▶ Supplied information

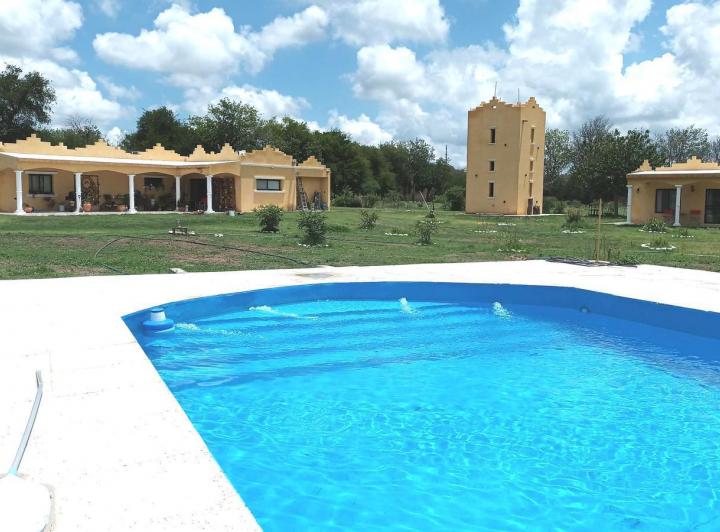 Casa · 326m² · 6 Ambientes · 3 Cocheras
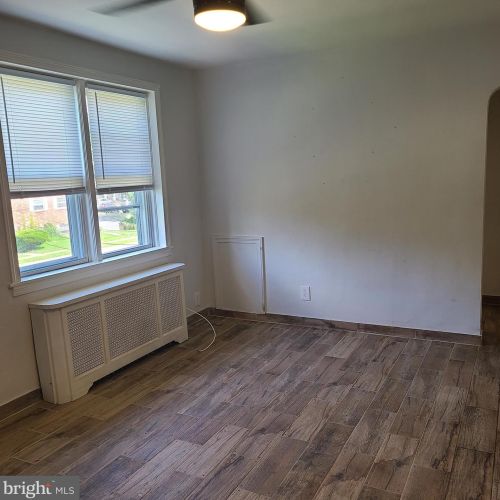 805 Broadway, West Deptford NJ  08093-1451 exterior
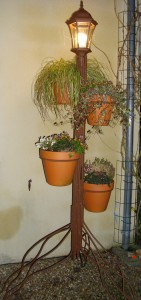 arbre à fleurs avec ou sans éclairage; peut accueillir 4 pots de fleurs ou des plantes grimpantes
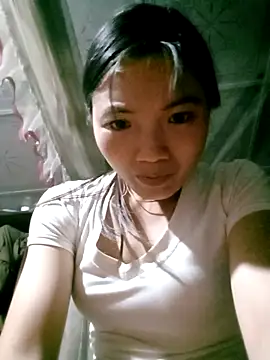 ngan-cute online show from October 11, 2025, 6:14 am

▶ Problem description
None of the pictures belong in the copy; repeat all other material exactly.

▶ Result of the task
 Casa · 326m² · 6 Ambientes · 3 Cocheras
 805 Broadway, West Deptford NJ  08093-1451 exterior
 arbre à fleurs avec ou sans éclairage; peut accueillir 4 pots de fleurs ou des plantes grimpantes
 ngan-cute online show from October 11, 2025, 6:14 am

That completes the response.